Pierre Mottron en Arcades Institute
Instant magique, instant de grâce en Arcades Institute avec le concert en solo de Pierre Mottron le surdoué de l’émotion distillée en notes et sons, en textes et en voix. L’artiste est unique, le privilège d’ainsi côtoyer son art comme à la maison, évident. Le lieu millénaire où les portables ne passent pas l’écrin parfait pour une écoute optimale. Le public en a conscience et nous sommes à la messe, à la dégustation ; nous savons déjà que dans dix ans nous en reparlerons de ce concert unique, fondateur, avant que Pierre ne parte vers des scènes importantes dans des salles remplies de spectateurs à séduire. Séduits nous le sommes, sans effort, avides d’en entendre encore et encore : ce type a du génie, la séduction de son art est à la fois diabolique et angélique.

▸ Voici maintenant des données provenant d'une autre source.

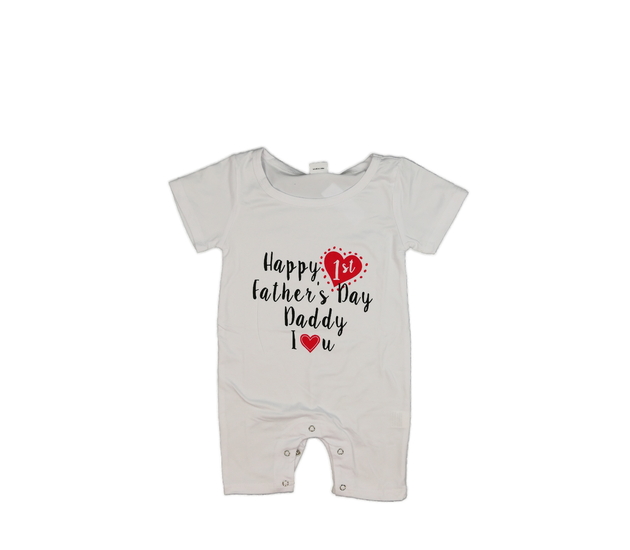 Bílý overal s milým nápisem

Art Vidéo 3 à La Chapelle Sainte Anne
Les expositions nocturnes, j’adore. Arriver vers 23h à la Chapelle Sainte Anne c’est une récréation. S’installer au centre du monde dans le concept de Georges Paumier avant de rencontrer un visage dans les nuages flottant dans le ciel de Didier Laget, puis entrer dans la vie d’Héléna Fin, si juste, si humaine avant d’errer au sous-sol dans des univers disparates et déroutants. L’horaire nocturne privilégie une autre perception des œuvres, un plaisir inédit, la flânerie aussi au filtre du flottement noctambule. On accumule des images et des sensations et l’on se doute bien qu’elles serviront de matière à rêver quand l’heure sera venue de s’endormir enfin, vers le matin.